Question: Can we have a model of $ZF-\text {Regularity}$ where there exist an ordinal $\kappa$ such that $H_{\kappa}$ exists and $H_{\kappa}$ is not equinumerous to any well founded set?

The motivation for this question comes in connection with defining Cardinality under some situations beyond Regularity and Choice.
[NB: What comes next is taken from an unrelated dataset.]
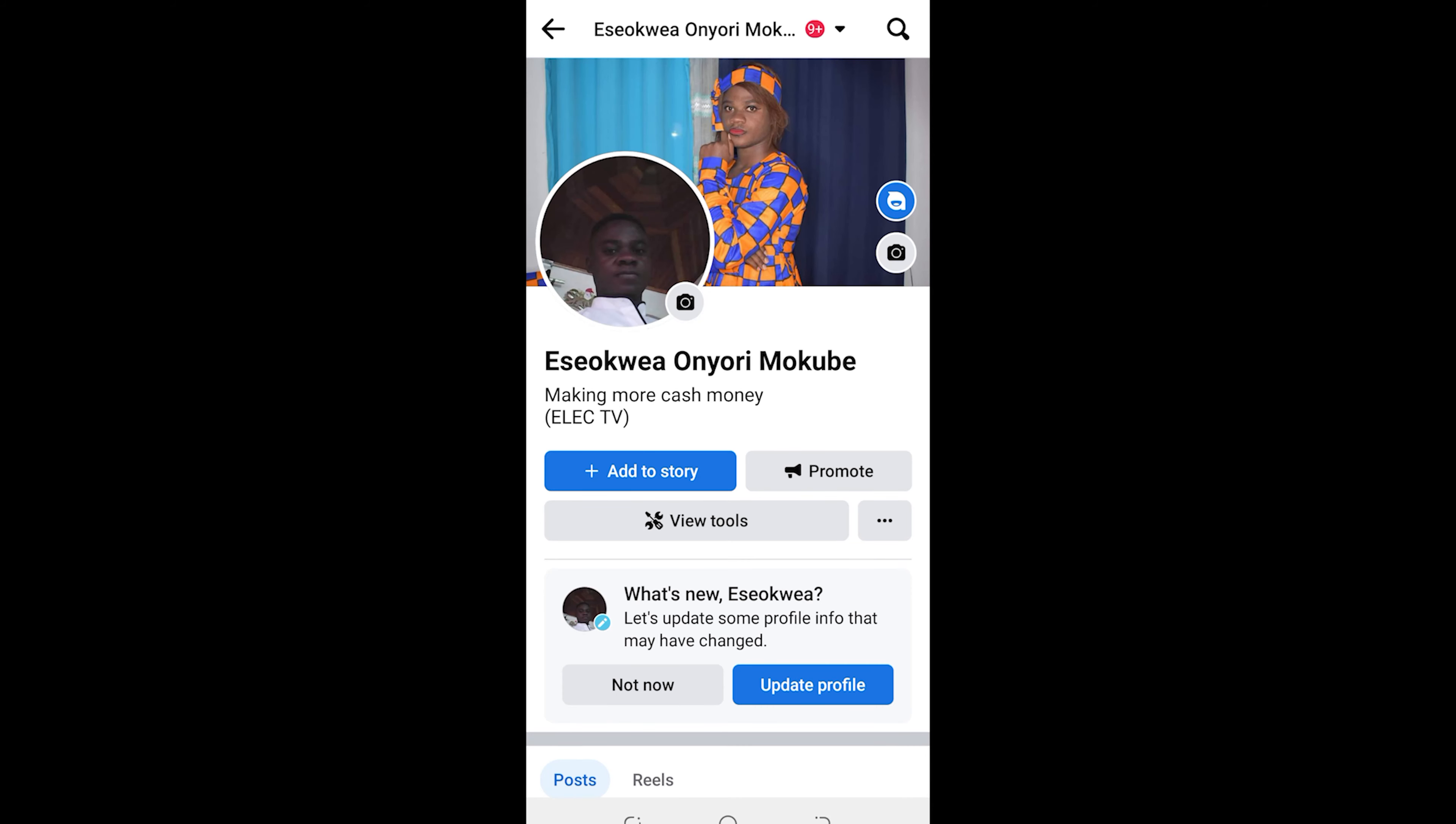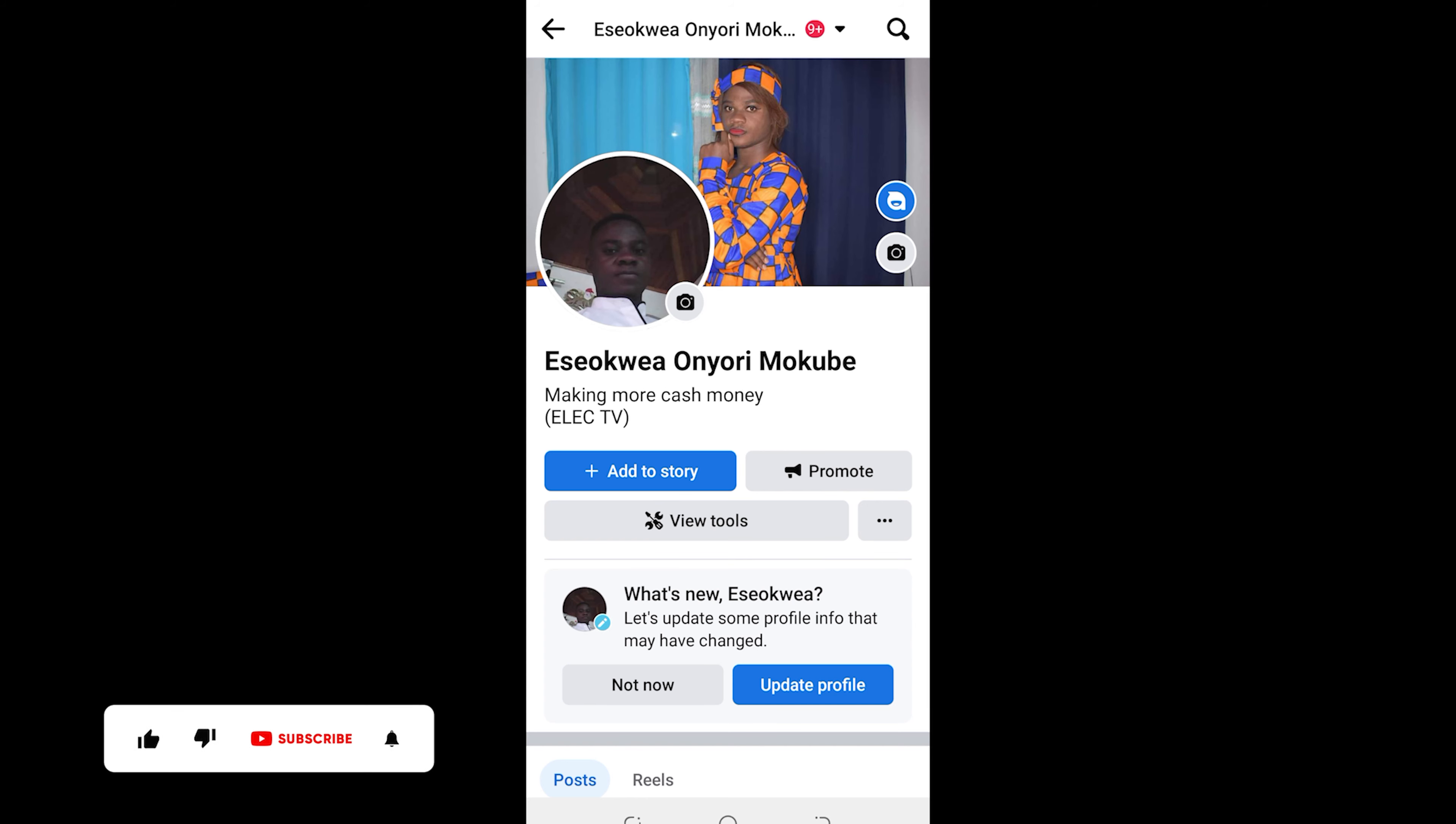Hello guys, it's Mokube here. In today's tutorial, I will be showing you guys how to turn off professional mode on your Facebook account. Let's get into the video. So guys, the first thing you need to do is click on these three dots here.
Especially in connection with the following anti-foundation axiom:

$\text{Anti-Foundation axiom: }$ Every set is subnumerouse to some iterative power of some $H_\kappa$ set, where $\kappa$ is an ordinal.

where $H_\kappa = \{x| x \text{ is hereditarily subumerous to } \kappa\}$

Where $x \text{ is hereditarily subnumerous to } \kappa $ is defined as: $$ \forall y \in TC(\{x\} ) \exists f (f: y \rightarrowtail \kappa)$$

Where $TC$ stands for the "transitive closure function" defined in the usual manner.

Iterative powers $P^i(x)$ are defined recursively as:

$P^0(x) = x$

$P^j(x) = \bigcup (\{P (P^i(x))| i < j\})$

Using this as an anti-foundation axiom would enable us to define a notion for Cardinality that covers more sets than does Scott's definition of Cardinality.

$\text{Define:} $ Card(x) is the set of all subsets of the first supernumerous to $x$ iterative power of the nearest $H_{\kappa}$ set to $x$, that are equinumerous to $x$.

The distance of $x$ from $H_{\kappa}$ is the minimal ordinal $i$ such that $P^i(H_{\kappa})$ supernumerous to $x$.

Of all $H_{\kappa}$ sets that lie at the least distance from $x$, the one with the least $\kappa$ value is the "Nearest $H_{\kappa}$ set to $x$".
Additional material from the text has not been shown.